● **Exercise instructions**: What you return must be the full listing, word for word, with no images in it.

-- Provided data follows --

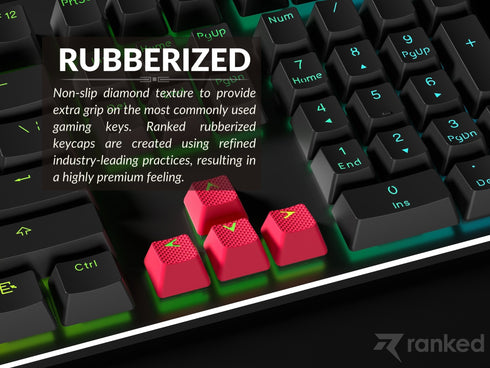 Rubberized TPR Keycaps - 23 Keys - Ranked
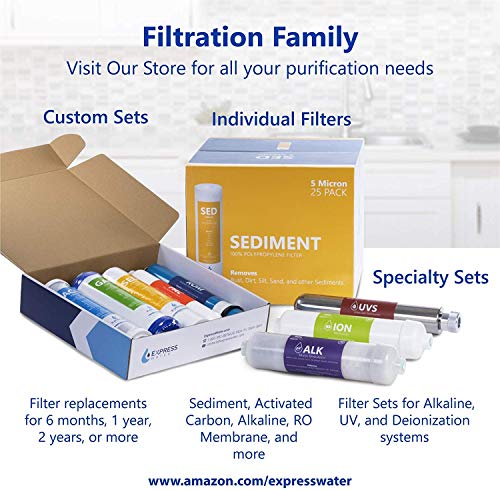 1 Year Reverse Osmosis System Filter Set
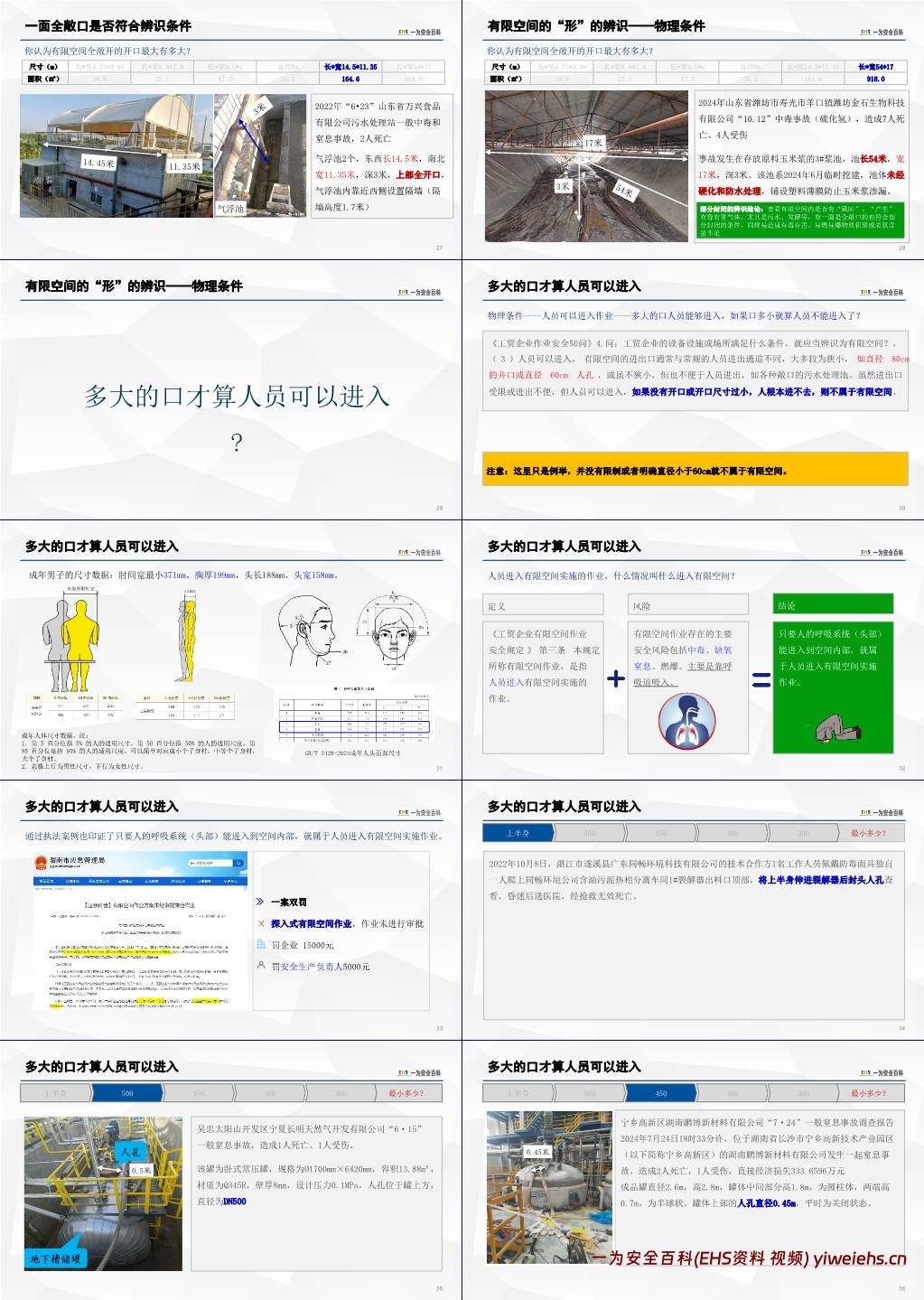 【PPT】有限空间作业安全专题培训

-- Provided data concluded --

● **Output of the exercise**:
 Rubberized TPR Keycaps - 23 Keys - Ranked
 1 Year Reverse Osmosis System Filter Set
 【PPT】有限空间作业安全专题培训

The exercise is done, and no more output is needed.